Key Takeaways: Population and Migration

  1. British economist Thomas Malthus coined the term overpopulation in the late 1700s. Malthus suggested that the world’s population was growing faster than the rate of food production, and as a result, mass starvation would occur. Malthus was correct in his assumption about world population increase but was incorrect in his assessment of agriculture’s inability to produce sufficient food. Neo-Malthusians today believe that humanity is ripe for another population calamity.
  2. The demographic transition model is a tool demographers use to categorize countries’ population growth rates and economic structures. The model analyzes birth rates, death rates, and total population trends in a society at a given point of time.
  3. The world’s population is growing exponentially. Most of the growth is occurring in less developed countries (LDCs). More developed countries (MDCs) are either at or near zero population growth.
  4. Population pyramids show the age and sex demographics of a particular country, city, or neighborhood. Inverted pyramids indicate a large percentage of elderly persons in the community. A large base indicates a lot of children in the society and could indicate a less developed country.
  5. There are four primary push and pull factors: economic, political, environmental, and social indicators. Each of these factors has caused millions of people to move.

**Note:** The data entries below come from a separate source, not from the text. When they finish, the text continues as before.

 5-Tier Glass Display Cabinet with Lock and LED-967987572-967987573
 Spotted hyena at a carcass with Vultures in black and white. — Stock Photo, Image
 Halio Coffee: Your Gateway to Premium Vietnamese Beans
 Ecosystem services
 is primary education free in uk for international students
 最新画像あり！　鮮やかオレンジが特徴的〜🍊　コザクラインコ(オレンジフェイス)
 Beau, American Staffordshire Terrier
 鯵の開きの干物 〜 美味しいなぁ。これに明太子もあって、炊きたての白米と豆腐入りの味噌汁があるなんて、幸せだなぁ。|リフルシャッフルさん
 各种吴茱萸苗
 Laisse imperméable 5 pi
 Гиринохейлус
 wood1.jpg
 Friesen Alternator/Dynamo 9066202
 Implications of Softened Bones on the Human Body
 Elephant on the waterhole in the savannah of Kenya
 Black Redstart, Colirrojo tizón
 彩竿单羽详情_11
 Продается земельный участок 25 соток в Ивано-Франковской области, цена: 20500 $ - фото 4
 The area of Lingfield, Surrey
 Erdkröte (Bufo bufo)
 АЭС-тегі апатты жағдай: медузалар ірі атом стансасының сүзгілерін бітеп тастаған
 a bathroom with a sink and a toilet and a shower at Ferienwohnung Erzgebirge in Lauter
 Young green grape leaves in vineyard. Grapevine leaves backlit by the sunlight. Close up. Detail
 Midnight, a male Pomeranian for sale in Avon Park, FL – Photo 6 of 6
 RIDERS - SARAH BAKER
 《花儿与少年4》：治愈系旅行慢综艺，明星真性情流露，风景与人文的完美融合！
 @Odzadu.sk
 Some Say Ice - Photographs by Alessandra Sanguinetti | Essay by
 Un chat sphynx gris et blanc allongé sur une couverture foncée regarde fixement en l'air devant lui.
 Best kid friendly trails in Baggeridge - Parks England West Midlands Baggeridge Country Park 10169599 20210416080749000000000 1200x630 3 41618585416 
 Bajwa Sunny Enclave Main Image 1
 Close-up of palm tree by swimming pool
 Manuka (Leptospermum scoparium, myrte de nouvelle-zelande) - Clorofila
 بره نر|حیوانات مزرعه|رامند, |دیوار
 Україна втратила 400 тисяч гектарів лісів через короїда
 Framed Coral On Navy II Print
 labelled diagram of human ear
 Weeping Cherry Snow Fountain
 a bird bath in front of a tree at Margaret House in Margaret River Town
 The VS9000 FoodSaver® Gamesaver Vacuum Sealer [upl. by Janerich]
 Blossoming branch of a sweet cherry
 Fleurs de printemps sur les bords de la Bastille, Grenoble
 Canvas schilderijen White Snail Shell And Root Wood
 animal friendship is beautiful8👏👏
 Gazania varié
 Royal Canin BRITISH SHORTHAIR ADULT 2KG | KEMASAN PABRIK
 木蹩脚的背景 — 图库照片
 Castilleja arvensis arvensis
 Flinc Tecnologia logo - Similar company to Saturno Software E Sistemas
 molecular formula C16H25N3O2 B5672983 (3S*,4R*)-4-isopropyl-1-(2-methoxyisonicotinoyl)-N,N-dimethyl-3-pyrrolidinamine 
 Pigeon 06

Population and Migration Key Terms

Factors Affecting Population

  • Demography: The study of population characteristics. Birth rate: The number of births per 1,000 people in the population.
  • Death rate: The number of deaths per 1,000 people in the population. Population explosion: A crisis in which population growth occurs in countries ill- prepared to handle the growing numbers of people.
  • Ecumene: The term for habitable land, which includes land with adequate water sources, relatively flat terrain, and available human food sources.
  • Underpopulation: The surplus of necessary resources to meet the needs of the population of a defined area.
  • Overpopulation: The lack of necessary resources to meet the needs of the population of a defined area.
  • Carrying capacity: The ability of the land to sustain a certain number of people.
  • Environmental degradation: The harming of the environment, which occurs when more and more humans inhabit a specific area and place a strain on the environmental resources.

Population Distribution and Density

  • Arithmetic density: Divides the entire population of a country by the total land area to come up with a population density for the country as a whole.
  • Physiologic density: A more accurate way to measure a country’s population density by only taking into account land that is used by humans.

Population and Growth

  • Thomas Malthus: British reverend who concluded that population was growing at a faster rate than productivity in the late 1700s; coined the term overpopulation.
  • Linear growth: Growth that occurs evenly across each unit over time. Exponential growth: Growth as a percentage of the total population.
  • Neo-Malthusian: Those who are critical of the demographic transition model.